Only once in my life have I ever heard a mathematician refer to a contemporary as a "genius." The person doing the referring was the well known topologist, Peter Hilton. He was visiting Yale for a few days in the early 1970's, and, since I was a graduate student doing my dissertation research in topology, I was invited to the supper in his honor. I remember a broad-faced man who laughed easily and was brightened by conversation. I told him I was interested in applications, an eccentric impulse by the standards of the mathematicians then at Yale, who were proudly "pure."
Hilton surprised me by saying that he himself had done some applied mathematics. He was British, and during World War II he had been enlisted into the group at Bletchley Park (north of London) working to break the German secret codes and ciphers. He didn't disapprove of my interest in control theory and differential equations, but he urged me to complete my work in topology. He assured me that to be a good applied mathematician, you have to be a good pure mathematician. (I would respectfully debate the point with him today.)
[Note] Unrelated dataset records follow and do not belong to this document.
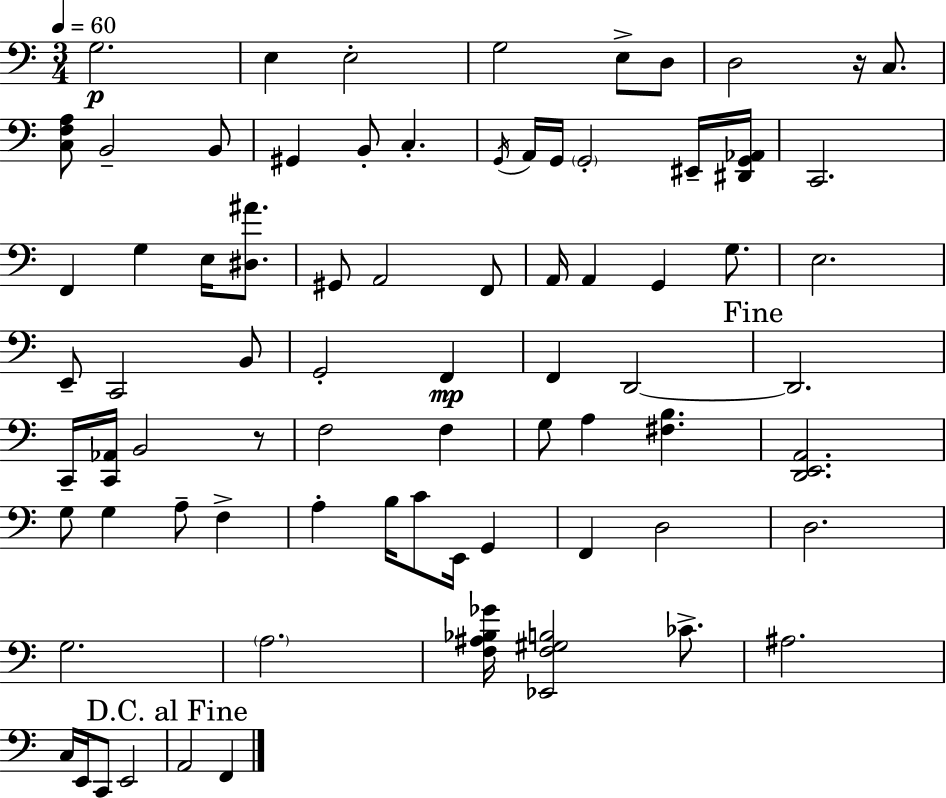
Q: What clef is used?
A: bass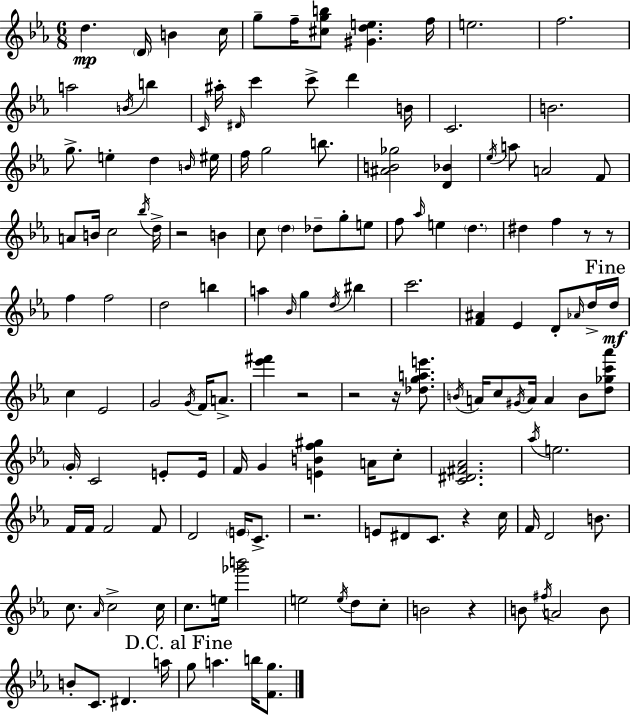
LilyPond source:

{
  \clef treble
  \numericTimeSignature
  \time 6/8
  \key ees \major
  \repeat volta 2 { d''4.\mp \parenthesize d'16 b'4 c''16 | g''8-- f''16-- <cis'' g'' b''>8 <gis' d'' e''>4. f''16 | e''2. | f''2. | \break a''2 \acciaccatura { b'16 } b''4 | \grace { c'16 } ais''16-. \grace { dis'16 } c'''4 c'''8-> d'''4 | b'16 c'2. | b'2. | \break g''8.-> e''4-. d''4 | \grace { b'16 } eis''16 f''16 g''2 | b''8. <ais' b' ges''>2 | <d' bes'>4 \acciaccatura { ees''16 } a''8 a'2 | \break f'8 a'8 b'16 c''2 | \acciaccatura { bes''16 } d''16-> r2 | b'4 c''8 \parenthesize d''4 | des''8-- g''8-. e''8 f''8 \grace { aes''16 } e''4 | \break \parenthesize d''4. dis''4 f''4 | r8 r8 f''4 f''2 | d''2 | b''4 a''4 \grace { bes'16 } | \break g''4 \acciaccatura { d''16 } bis''4 c'''2. | <f' ais'>4 | ees'4 d'8-. \grace { aes'16 } d''16-> \mark "Fine" d''16\mf c''4 | ees'2 g'2 | \break \acciaccatura { g'16 } f'16 a'8.-> <ees''' fis'''>4 | r2 r2 | r16 <des'' g'' a'' e'''>8. \acciaccatura { b'16 } | a'16 c''8 \acciaccatura { gis'16 } a'16 a'4 b'8 <d'' ges'' c''' aes'''>8 | \break \parenthesize g'16-. c'2 e'8-. | e'16 f'16 g'4 <e' b' f'' gis''>4 a'16 c''8-. | <c' dis' fis' aes'>2. | \acciaccatura { aes''16 } e''2. | \break f'16 f'16 f'2 | f'8 d'2 \parenthesize e'16 c'8.-> | r2. | e'8 dis'8 c'8. r4 | \break c''16 f'16 d'2 b'8. | c''8. \grace { aes'16 } c''2-> | c''16 c''8. e''16 <ges''' b'''>2 | e''2 \acciaccatura { e''16 } | \break d''8 c''8-. b'2 | r4 b'8 \acciaccatura { fis''16 } a'2 | b'8 b'8-. c'8. dis'4. | a''16 \mark "D.C. al Fine" g''8 a''4. | \break b''16 <f' g''>8. } \bar "|."
}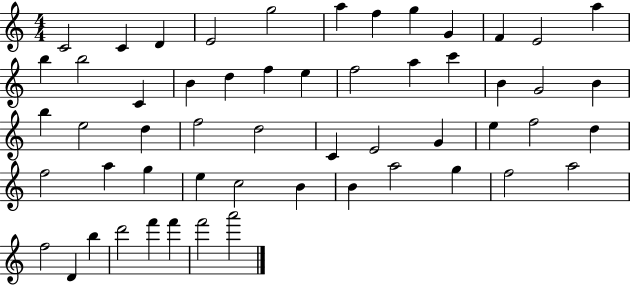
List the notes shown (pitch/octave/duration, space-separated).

C4/h C4/q D4/q E4/h G5/h A5/q F5/q G5/q G4/q F4/q E4/h A5/q B5/q B5/h C4/q B4/q D5/q F5/q E5/q F5/h A5/q C6/q B4/q G4/h B4/q B5/q E5/h D5/q F5/h D5/h C4/q E4/h G4/q E5/q F5/h D5/q F5/h A5/q G5/q E5/q C5/h B4/q B4/q A5/h G5/q F5/h A5/h F5/h D4/q B5/q D6/h F6/q F6/q F6/h A6/h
It was in recounting his experiences with the British cryptographers that he let drop his unusual comment about genius. He said something like, "Normally, somebody tells you about a result he's proven, and you think 'I could have done that. I'm just as bright as he is.' Of course you wouldn't say it out loud. But Alan would do something, and I'd be forced to admit to myself: I never would have been able to think of that."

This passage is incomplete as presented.